The problem is that there are just too many rules. Consider a simple example of a rule: “Only a department manager is allowed to edit the discount after the purchase order is approved.” This rule means that, for each object, attribute, and processing state that object can be in, as well as each role or privilege that a user can assume, we need to know whether or not the attribute can be edited. If you consider the facts that there are usually 10,000 or more attributes in a system, each object can be in several states, and there are usually at least 10 roles or privileges in each system, you can quickly see that hundreds of thousands of rules are involved for just this one type of rule.
To be fair, it is not quite that bad. You can use default values for rules. For example, if a user with a specific role can edit an object, they can edit all of its attributes and sub-objects unless otherwise specified. Also, some rules are pretty simple to specify with a diagram such as a Class Model (what the book calls a “Concept Model”). However, no matter how you slice it, there are a LOT of rules.

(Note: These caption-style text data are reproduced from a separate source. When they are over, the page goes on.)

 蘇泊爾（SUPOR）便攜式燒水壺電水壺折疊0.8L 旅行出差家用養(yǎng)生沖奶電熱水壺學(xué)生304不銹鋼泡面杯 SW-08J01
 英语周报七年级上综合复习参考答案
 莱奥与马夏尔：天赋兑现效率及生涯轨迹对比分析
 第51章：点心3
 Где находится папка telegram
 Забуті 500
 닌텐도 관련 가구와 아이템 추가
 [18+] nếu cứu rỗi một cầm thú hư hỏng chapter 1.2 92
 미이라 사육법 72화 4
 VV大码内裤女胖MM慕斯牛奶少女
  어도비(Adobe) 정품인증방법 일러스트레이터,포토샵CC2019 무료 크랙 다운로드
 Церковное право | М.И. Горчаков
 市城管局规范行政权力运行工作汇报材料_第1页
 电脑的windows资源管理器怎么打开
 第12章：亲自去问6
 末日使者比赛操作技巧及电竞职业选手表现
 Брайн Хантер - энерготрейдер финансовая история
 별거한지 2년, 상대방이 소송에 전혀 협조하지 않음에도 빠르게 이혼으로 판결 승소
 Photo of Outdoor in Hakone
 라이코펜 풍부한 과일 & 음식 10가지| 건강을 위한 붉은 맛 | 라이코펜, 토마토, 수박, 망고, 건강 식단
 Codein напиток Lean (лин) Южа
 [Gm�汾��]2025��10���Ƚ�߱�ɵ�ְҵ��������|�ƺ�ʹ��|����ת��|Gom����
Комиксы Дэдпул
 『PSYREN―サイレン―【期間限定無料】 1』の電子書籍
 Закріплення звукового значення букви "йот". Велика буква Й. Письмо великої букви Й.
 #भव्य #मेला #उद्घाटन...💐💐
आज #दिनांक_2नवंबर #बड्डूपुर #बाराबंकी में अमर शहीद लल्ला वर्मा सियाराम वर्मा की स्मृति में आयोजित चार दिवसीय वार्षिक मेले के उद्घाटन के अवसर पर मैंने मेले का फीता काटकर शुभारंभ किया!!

In our BRIM® environment, the rules mostly ARE the code. This provides a very accurate count by rule type of how many rules there are in a system. One of our biggest systems (recruiting for the US Air Force) is a good example of a “big” system. It includes thousands of attributes, hundreds of classes, a very complex process flow, thousands of data validation rules, etc.
To summarize:
- Classes: 300
- Attributes: 5000
- Process flow states: 300
- Process flow transitions: 1000
- Process flow rules: 2000
- Complex data validation rules: 1500
- Simple data validation rules: 500
- Other rules: 300
In this situation, there are over 5000 rules that are not simple class/attribute types of rules. Also lots of editing/visibility rules are stored in the Formspider™ UI repository, which are not even counted here. Clearly, I can’t write a page for each one of these without getting buried in text.
This has always been my issue with any kind of “analysis” artifact. So I have an analysis document. Now what? As the project matures, I will have hundreds, if not thousands of rules. Those rules will mature, change, combine, etc. They will do all of the things that traditional requirements do. Do I maintain these rules for the life of the system? Or are they only part of the analysis phase?
I guess what I am hoping for now in the book is to put it all together. Where does this business rules analysis approach fit into a good software architecture? My first reading of the book did not seem to answer that question.
Over the years, I have gotten much more Agile in my approach. I am not sure that I want to bother gathering all of these text rules that must subsequently be translated into something precise and rigorous later on. As it says in the Manifesto for Agile Software Development, “We value working software over comprehensive documentation.”